Re: [HACKERS] logical decoding of two-phase transactions

From: Tomas Vondra <tomas(dot)vondra(at)2ndquadrant(dot)com>
To: Nikhil Sontakke <nikhils(at)2ndquadrant(dot)com>
Cc: Craig Ringer <craig(at)2ndquadrant(dot)com>, Andres Freund <andres(at)anarazel(dot)de>, Peter Eisentraut <peter(dot)eisentraut(at)2ndquadrant(dot)com>, Simon Riggs <simon(at)2ndquadrant(dot)com>, Petr Jelinek <petr(dot)jelinek(at)2ndquadrant(dot)com>, Sokolov Yura <y(dot)sokolov(at)postgrespro(dot)ru>, Stas Kelvich <s(dot)kelvich(at)postgrespro(dot)ru>, Dmitry Dolgov <9erthalion6(at)gmail(dot)com>, Tom Lane <tgl(at)sss(dot)pgh(dot)pa(dot)us>, Masahiko Sawada <sawada(dot)mshk(at)gmail(dot)com>, PostgreSQL Hackers <pgsql-hackers(at)postgresql(dot)org>, Robert Haas <robertmhaas(at)gmail(dot)com>
Subject: Re: [HACKERS] logical decoding of two-phase transactions
Date: 2018-03-29 21:52:18
Views: Raw Message | Whole Thread | Download mbox
Lists: pgsql-hackers


I've been reviewing the last patch version, focusing mostly on the
decoding group part. Let me respond to several points first, then new
review bits.

On 03/28/2018 05:28 PM, Nikhil Sontakke wrote:
> Hi Tomas,
>> Now, about the interlock implementation - I see you've reused the "lock
>> group" concept from parallel query. That may make sense, unfortunately
>> there's about no documentation explaining how it works, what is the
>> "protocol" etc. There is fairly extensive documentation for "lock
>> groups" in src/backend/storage/lmgr/README, but while the "decoding
>> group" code is inspired by it, the code is actually very different.
>> Compare for example BecomeLockGroupLeader and BecomeDecodeGroupLeader,
>> and you'll see what I mean.
>> So I think the first thing we need to do is add proper documentation
>> (possibly into the same README), explaining how the decode groups work,
>> how the decodeAbortPending works, etc.
> I have added details about this in src/backend/storage/lmgr/README as
> suggested by you.

Thanks. I think the README is a good start, but I think we also need to
improve the comments, which is usually more detailed than the README.
For example, it's not quite acceptable that LogicalLockTransaction and
LogicalUnlockTransaction have about no comments, especially when it's
meant to be public API for decoding plugins.

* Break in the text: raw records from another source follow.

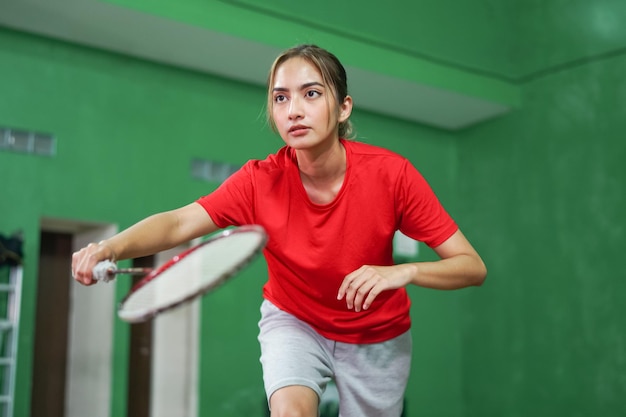 Jogador de badminton segurando raquete em posição pronta na quadra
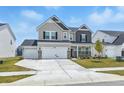 Charming two-story home features a two-car garage, stone accents, and a well-manicured front lawn at 7301 Deerberg Dr, Indianapolis, IN 46259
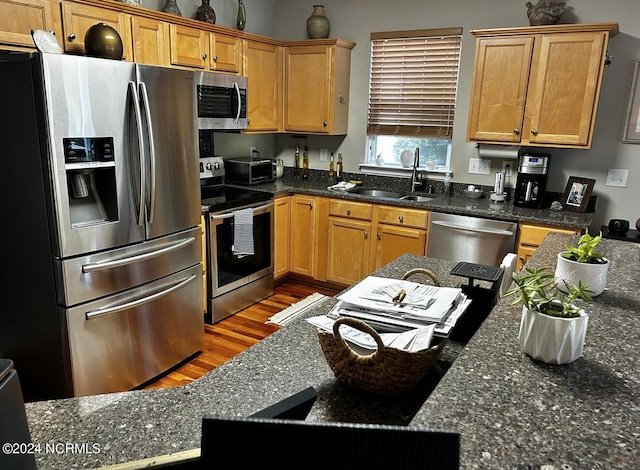 kitchen with dark stone countertops, hardwood / wood-style flooring, appliances with stainless steel finishes, and sink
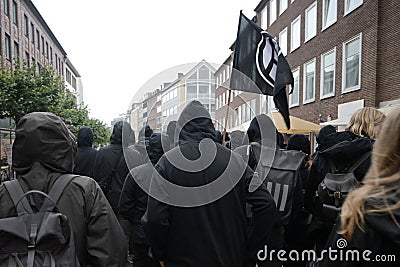 Black dressed protesters on a demonstration march through the streets of Lubeck against German politics and for accommodation of Editorial Stock Photo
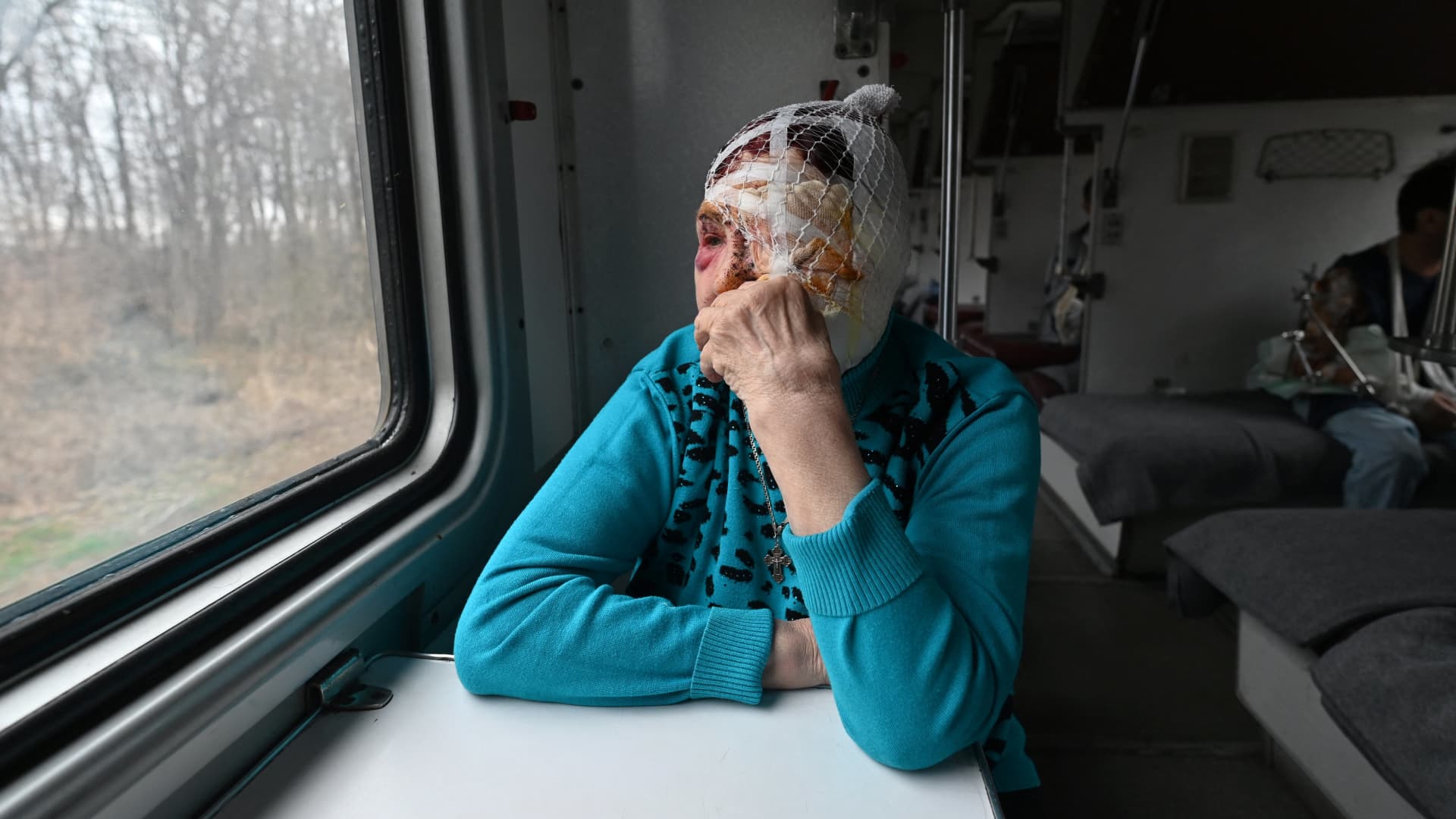 Praskovya, 77, watches out of a window of a medical evacuation train on its way to the western Ukrainian city of Lviv on April 10, 2022.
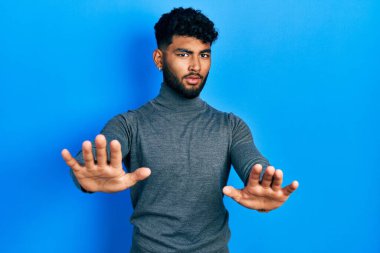 Balıkçı yaka kazak giyen sakallı bir Arap, avuçlarıyla hareket etmeyi, sinirli ve hayal kırıklığına uğramış yüz ifadesini durduruyor. 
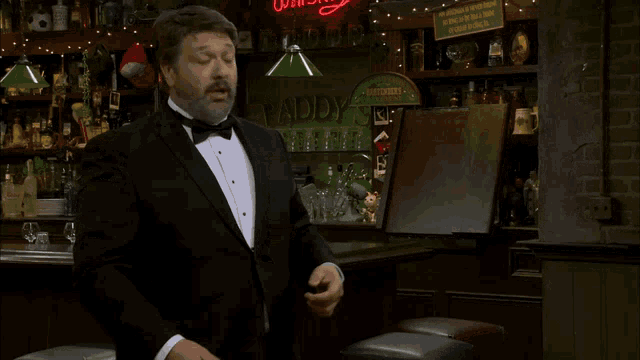 a man in a tuxedo says " i 'd love to get into some " in front of a bar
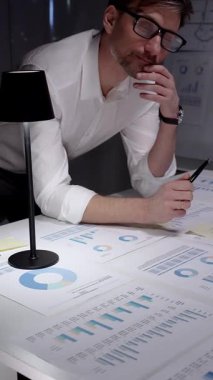 Profesyonel iş adamı masaya yaslanıyor. Gece geç saatlerde finansal veri ve çizelgeleri analiz ediyorum. Loş bir ofis ortamında fazla mesai yapmak. Ayrıntılı raporlara ve stratejik planlamaya odaklanmış.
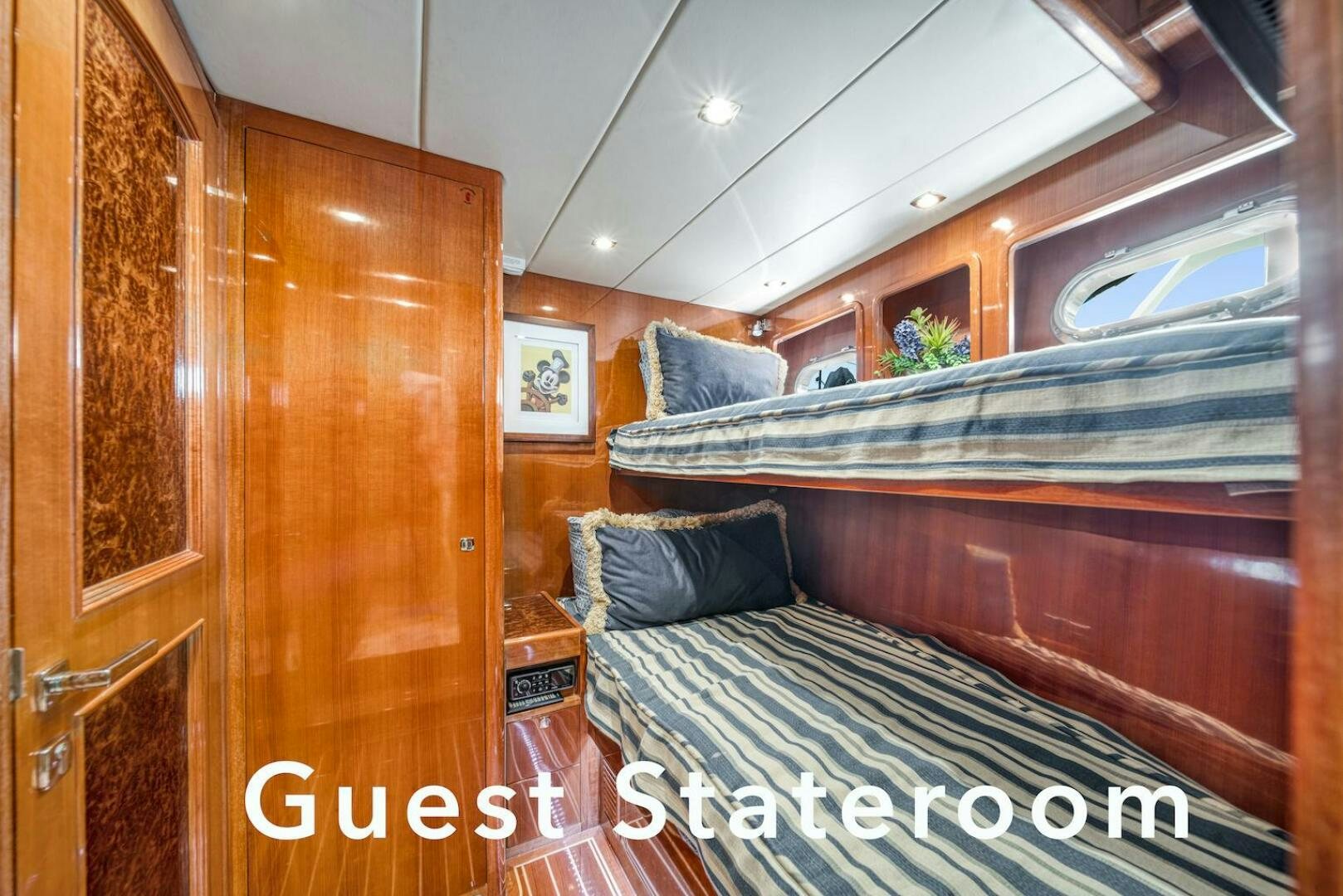 a room with a bed and a wood cabinet aboard ESCAPE Yacht for Sale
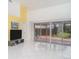 Bright living room with high ceilings, tile flooring, and sliding glass doors, creating an inviting and open space at 7833 Ontario Street Cir, Sarasota, FL 34243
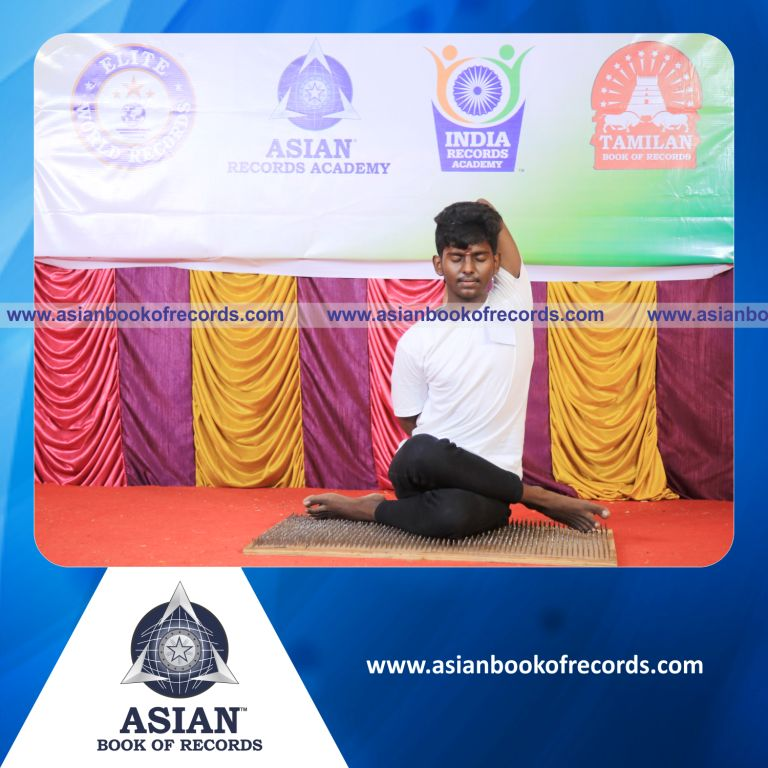 Highest Number of Three Digit by Single Digit Mental Arithmetic Division Problems (2 Rows) Solved in 10 Minutes while Performing Yoga on a Nail Bed Si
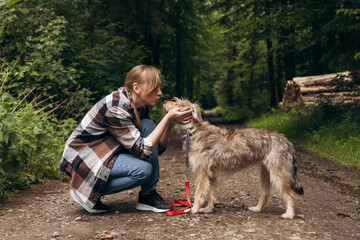 woman kneeling on a forest path, gently interacting with a dog, showcasing the bond of true...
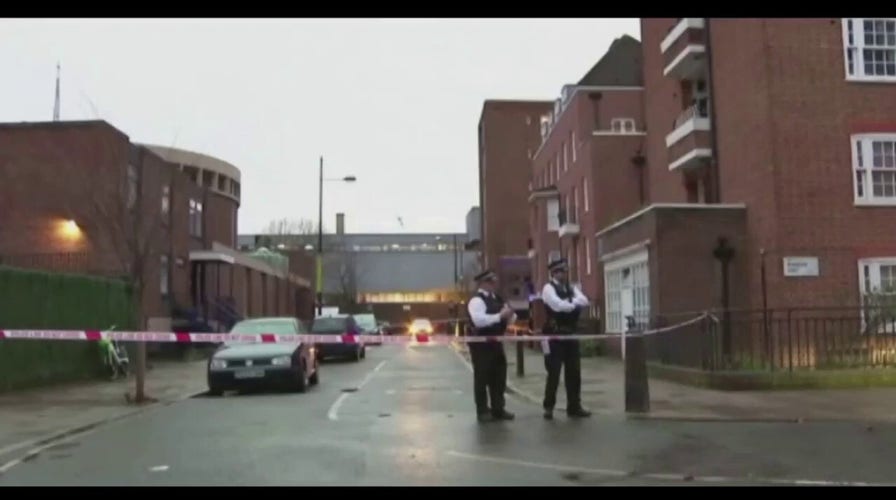 Metropolitan Police secure the scene after a drive by shooting wounded two children and four adults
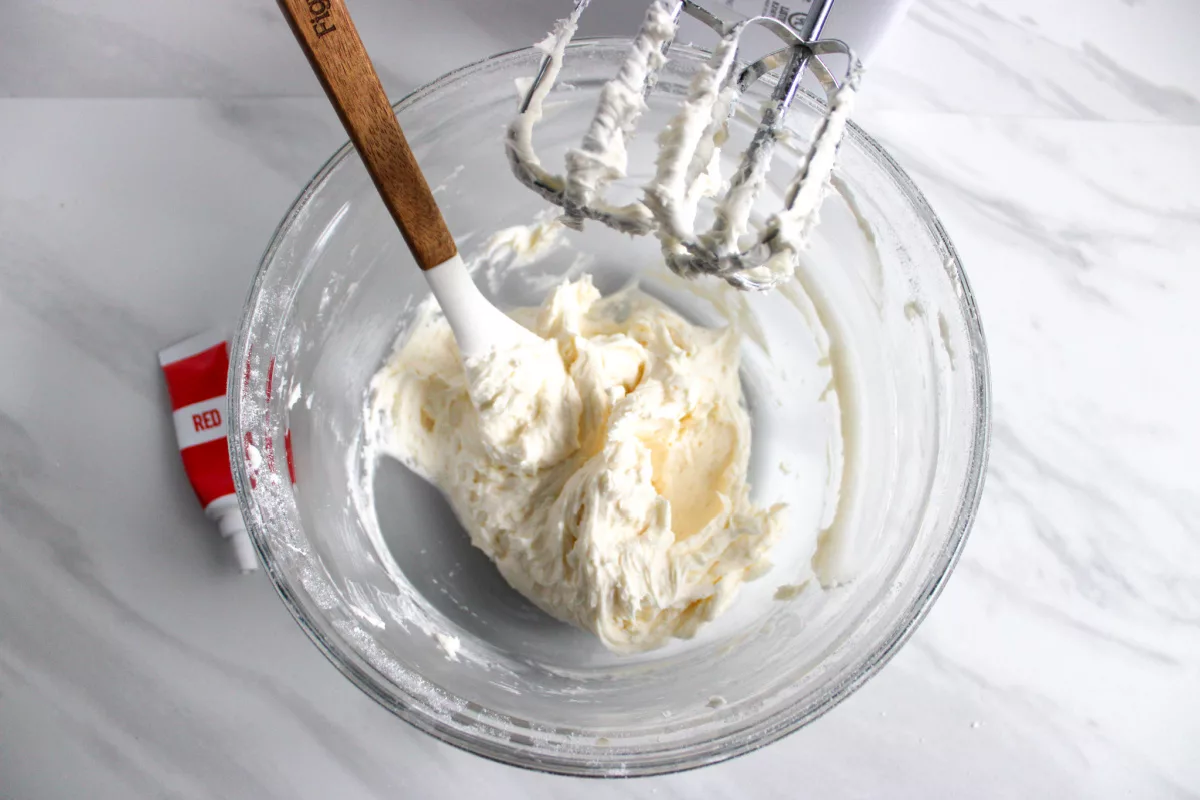 vanilla buttercream being mixed in a bowl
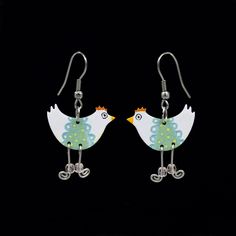 You will love these funny chicken earrings because they will make you feel special on any day you choose to wear them! These little chick earrings will add a dose of cheer to your choice of accessory. Custom crafted and hand painted to perfection. The handpainted birdies are set in enameled stainless steel base. Handcrafted with an eclectic combination of techniques. Product specifications: Materials: stainless steel, stainless steel wire, beads Width is about 0.8 inches (2 cm) Quantity: 1 pair Kindergarten Teacher Gift, Chicken Earrings, Shrinky Dink Jewelry, Kindergarten Teacher Gifts, Earrings Funny, Wire Beads, Funny Jewelry, Funny Earrings, Quirky Earrings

>> BTW, do we need to do any of this with (wal_level < logical)? I don't
>> see any quick bail-out in any of the functions in this case, but it
>> seems like a fairly obvious optimization.
> The calls to the LogicalLockTransaction/LogicalUnLockTransaction APIs
> will be from inside plugins or the reorderbuffer code paths. Those
> will get invoked only in the wal_level logical case, hence I did not
> add further checks.

Oh, right.

>> Similarly, can't the logical workers indicate that they need to decode
>> 2PC transactions (or in-progress transactions in general) in some way?
>> If we knew there are no such workers, that would also allow ignoring the
>> interlock, no?
> These APIs check if the transaction is already committed and cache
> that information for further calls, so for regular transactions this
> becomes a no-op

I see. So when the output plugin never calls LogicalLockTransaction on
an in-progress transaction (e.g. 2PC after PREPARE), it never actually
initializes the decoding group. Works for me.

>> 2) regression tests
>> -------------------
>> I really dislike the use of \set to run the same query repeatedly. It
>> makes analysis of regression failures even more tedious than it already
>> is. I'd just copy the query to all the places.
> They are long-winded queries and IMO made the test file look too
> cluttered and verbose..

Well, I don't think that's a major problem, and it certainly makes it
more difficult to investigate regression failures.

>> 3) worker.c
>> -----------
>> The comment in apply_handle_rollback_prepared_txn says this:
>> /*
>> * During logical decoding, on the apply side, it's possible that a
>> * prepared transaction got aborted while decoding. In that case, we
>> * stop the decoding and abort the transaction immediately. However
>> * the ROLLBACK prepared processing still reaches the subscriber. In
>> * that case it's ok to have a missing gid
>> */
>> if (LookupGXact(commit_data->gid)) { ... }
>> But is it safe to assume it never happens due to an error? In other
>> words, is there a way to decide that the GID really aborted? Or, why
>> should the provider sent the rollback at all - surely it could know if
>> the transaction/GID was sent to subscriber or not, right?
> Since we decode in commit WAL order, when we reach the ROLLBACK
> PREPARED wal record, we cannot be sure that we did infact abort the
> decoding mid ways because of this concurrent rollback. It's possible
> that this rollback comes much much later as well when all decoding
> backends have successfully prepared it on the subscribers already.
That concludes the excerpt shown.